Exercise goal: Starting with the line that has "This was posted" and finishing with the line that has "We load a project", set down each line below exactly. Pictures are not copied.

Data section:
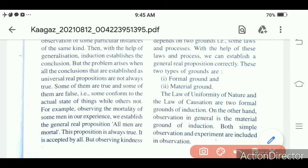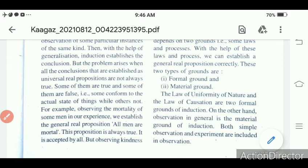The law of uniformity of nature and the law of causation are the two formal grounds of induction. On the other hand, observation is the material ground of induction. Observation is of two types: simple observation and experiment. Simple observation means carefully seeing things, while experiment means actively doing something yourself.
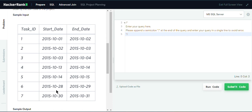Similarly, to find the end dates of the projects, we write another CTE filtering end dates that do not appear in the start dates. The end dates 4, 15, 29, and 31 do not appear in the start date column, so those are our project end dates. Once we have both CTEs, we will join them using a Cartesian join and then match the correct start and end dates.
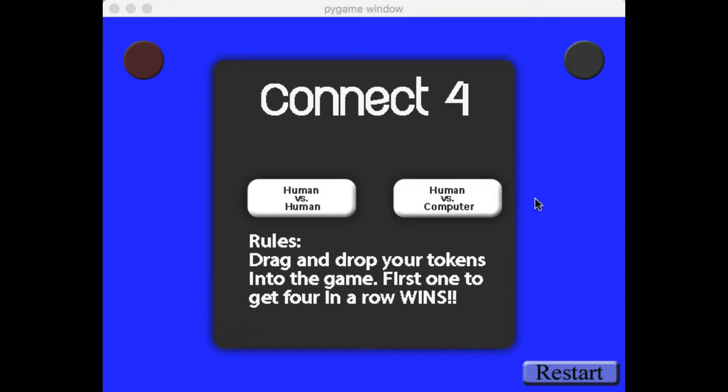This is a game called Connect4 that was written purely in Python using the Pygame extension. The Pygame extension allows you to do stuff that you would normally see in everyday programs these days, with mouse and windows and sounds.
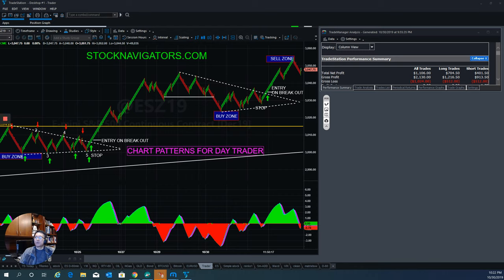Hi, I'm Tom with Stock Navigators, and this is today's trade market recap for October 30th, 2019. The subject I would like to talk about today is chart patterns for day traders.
---
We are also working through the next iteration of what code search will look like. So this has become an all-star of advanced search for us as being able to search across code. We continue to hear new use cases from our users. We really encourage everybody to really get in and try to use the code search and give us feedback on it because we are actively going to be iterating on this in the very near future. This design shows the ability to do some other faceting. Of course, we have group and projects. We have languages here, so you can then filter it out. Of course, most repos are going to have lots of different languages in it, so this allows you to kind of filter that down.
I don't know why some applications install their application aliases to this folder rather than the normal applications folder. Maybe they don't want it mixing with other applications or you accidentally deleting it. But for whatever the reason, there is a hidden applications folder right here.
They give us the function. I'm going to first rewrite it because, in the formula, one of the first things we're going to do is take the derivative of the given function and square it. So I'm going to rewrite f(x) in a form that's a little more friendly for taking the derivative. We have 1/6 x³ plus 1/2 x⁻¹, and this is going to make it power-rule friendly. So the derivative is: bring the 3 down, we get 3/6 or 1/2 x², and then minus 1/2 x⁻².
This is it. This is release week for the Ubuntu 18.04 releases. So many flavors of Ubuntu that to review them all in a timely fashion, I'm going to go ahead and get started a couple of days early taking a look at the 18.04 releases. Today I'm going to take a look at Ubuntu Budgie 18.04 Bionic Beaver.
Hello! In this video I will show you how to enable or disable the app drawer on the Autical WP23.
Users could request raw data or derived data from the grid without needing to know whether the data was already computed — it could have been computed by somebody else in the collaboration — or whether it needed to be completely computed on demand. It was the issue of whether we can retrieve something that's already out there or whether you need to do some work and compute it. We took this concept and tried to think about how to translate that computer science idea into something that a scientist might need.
==
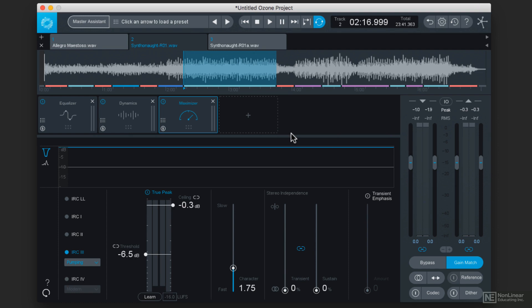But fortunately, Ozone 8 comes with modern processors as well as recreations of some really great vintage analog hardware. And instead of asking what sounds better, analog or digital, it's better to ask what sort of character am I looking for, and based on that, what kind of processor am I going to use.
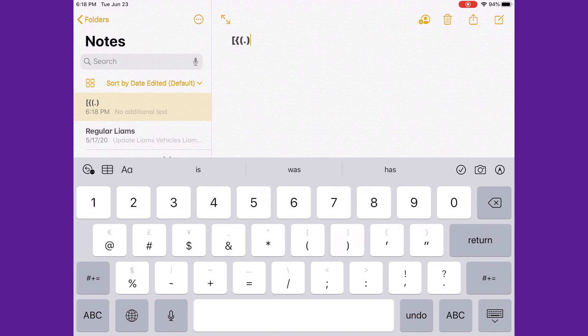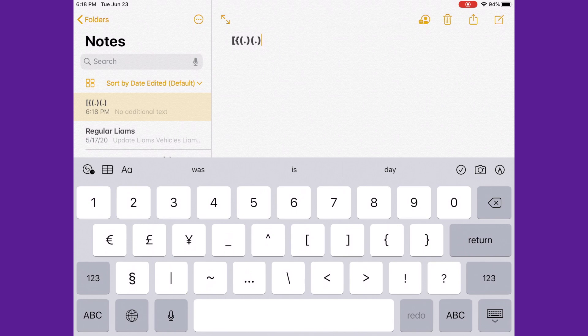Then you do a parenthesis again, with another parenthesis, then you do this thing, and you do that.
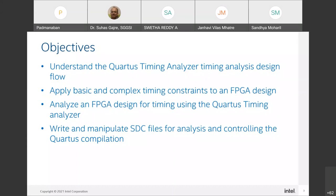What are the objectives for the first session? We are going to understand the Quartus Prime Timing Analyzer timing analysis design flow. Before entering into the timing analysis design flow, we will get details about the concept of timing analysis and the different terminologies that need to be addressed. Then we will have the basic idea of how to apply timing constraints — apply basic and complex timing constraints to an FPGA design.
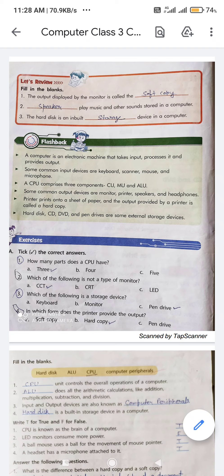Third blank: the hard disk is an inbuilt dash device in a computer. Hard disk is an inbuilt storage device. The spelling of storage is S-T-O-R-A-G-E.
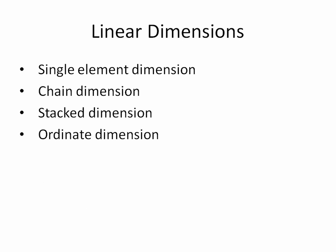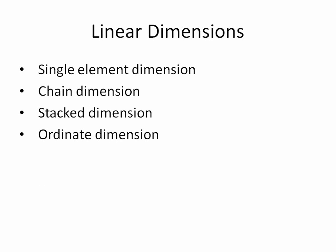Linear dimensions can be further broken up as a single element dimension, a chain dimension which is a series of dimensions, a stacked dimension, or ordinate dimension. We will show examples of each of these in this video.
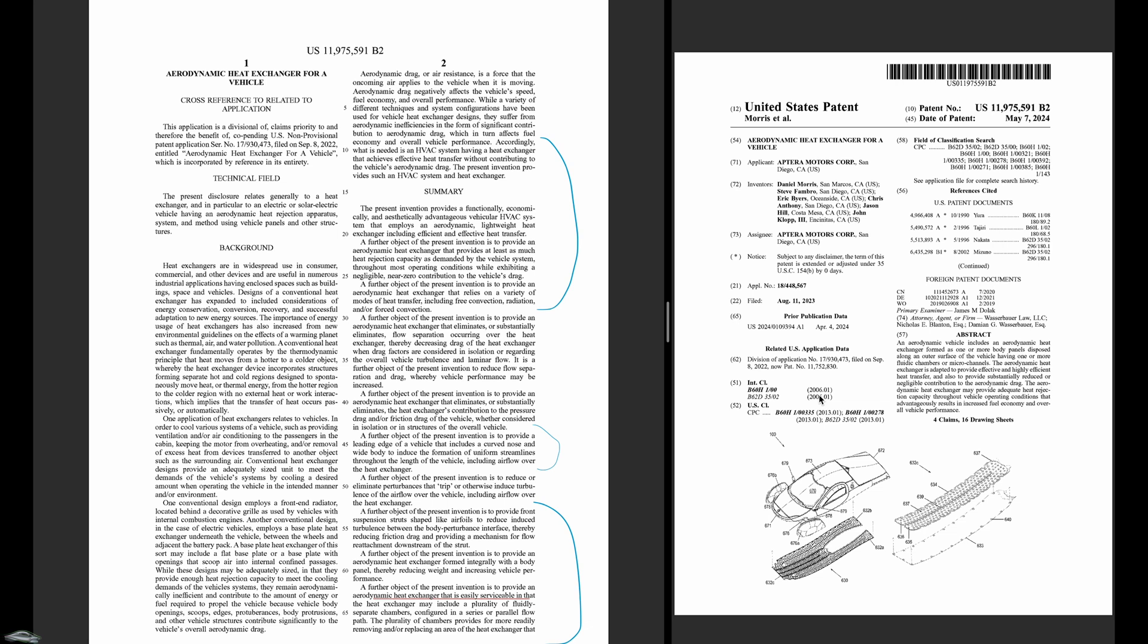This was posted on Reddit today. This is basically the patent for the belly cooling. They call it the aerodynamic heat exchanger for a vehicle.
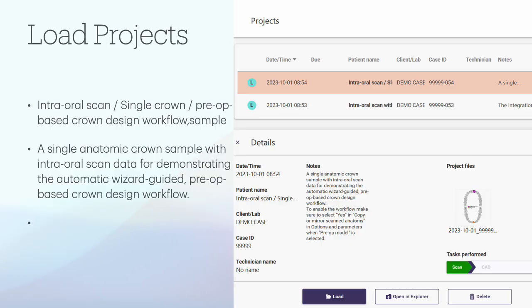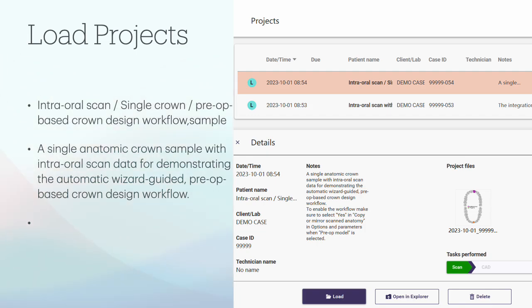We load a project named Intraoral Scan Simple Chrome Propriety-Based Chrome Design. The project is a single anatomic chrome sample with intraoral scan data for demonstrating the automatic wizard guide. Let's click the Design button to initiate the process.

Response area:
This was posted on Reddit today. This is basically the patent for the belly cooling. They call it the aerodynamic heat exchanger for a vehicle.
We load a project named Intraoral Scan Simple Chrome Propriety-Based Chrome Design. The project is a single anatomic chrome sample with intraoral scan data for demonstrating the automatic wizard guide. Let's click the Design button to initiate the process.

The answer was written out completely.